Imports of animal and vegetable fats nearly tripled — from 1,514 MT in 2020 (Nu. 130 million) to 4,138 MT in 2024 (Nu. 462 million). The report describes this as one of the fastest-growing categories, reflecting “rising consumption of processed oils and fats.”
Wheat flour imports remained relatively stable in quantity but rose in value, suggesting higher import prices over time.
Similarly, fish imports grew from 1,899 MT in 2020 to 2,710 MT in 2024, with value increasing by nearly 50 percent.

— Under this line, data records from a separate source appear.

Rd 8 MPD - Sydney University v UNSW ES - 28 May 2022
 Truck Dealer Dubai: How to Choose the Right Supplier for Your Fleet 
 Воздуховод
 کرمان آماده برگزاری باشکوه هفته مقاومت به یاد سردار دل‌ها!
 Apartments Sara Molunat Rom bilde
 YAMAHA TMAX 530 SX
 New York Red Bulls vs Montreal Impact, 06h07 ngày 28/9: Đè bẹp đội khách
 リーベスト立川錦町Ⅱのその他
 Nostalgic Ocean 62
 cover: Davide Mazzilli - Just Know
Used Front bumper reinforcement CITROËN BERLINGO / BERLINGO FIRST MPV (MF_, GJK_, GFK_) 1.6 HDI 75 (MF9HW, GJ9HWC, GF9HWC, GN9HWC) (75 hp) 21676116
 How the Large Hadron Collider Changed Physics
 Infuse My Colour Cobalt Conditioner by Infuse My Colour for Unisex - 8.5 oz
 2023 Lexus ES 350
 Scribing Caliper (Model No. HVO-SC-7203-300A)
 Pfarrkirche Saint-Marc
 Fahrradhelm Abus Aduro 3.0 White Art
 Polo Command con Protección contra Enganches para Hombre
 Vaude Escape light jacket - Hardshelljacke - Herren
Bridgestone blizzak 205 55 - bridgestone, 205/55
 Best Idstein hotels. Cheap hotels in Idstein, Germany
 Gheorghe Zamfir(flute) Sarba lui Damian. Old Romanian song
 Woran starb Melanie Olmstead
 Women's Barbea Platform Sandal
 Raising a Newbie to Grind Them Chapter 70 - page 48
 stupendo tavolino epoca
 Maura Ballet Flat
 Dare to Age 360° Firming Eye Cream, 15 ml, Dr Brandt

While meat imports remain high, both bovine and poultry imports showed volatility. Bovine meat peaked at 2,007 MT (Nu. 415 million) in 2023 before falling sharply to 1,296 MT (Nu. 362 million) in 2024.
Frozen chicken imports followed a similar pattern, declining from 2,286 MT in 2022 (Nu. 388 million) to 1,784 MT in 2024 (Nu. 293 million).
Vegetable imports also fluctuated. Onions and shallots peaked at 6,330 MT in 2022, before dropping to 4,496 MT in 2024, while lentil imports declined steadily from 3,008 MT in 2021 to 2,128 MT in 2024.
The DAMC report highlights several important takeaways. Bhutan’s import basket remains heavily concentrated in cereals, dairy, and oils. India continues to supply more than 90 percent of the country’s total agricultural imports.
Bhutan’s 13th Five Year Plan aims to double agricultural exports from Nu. 3 billion to Nu. 6 billion by 2029, aligning with the broader goal of reducing dependency on imports.
The DAMC report provides data-driven insights to guide such efforts, emphasizing the need for “enhanced domestic production capacity, better market linkages, and improved logistics.”
While Bhutan’s reliance on Indian imports continues to meet its immediate consumption needs, the report cautions that without policy interventions and investment in local agriculture, “growing dependence on imported value-added goods may undermine food sovereignty.”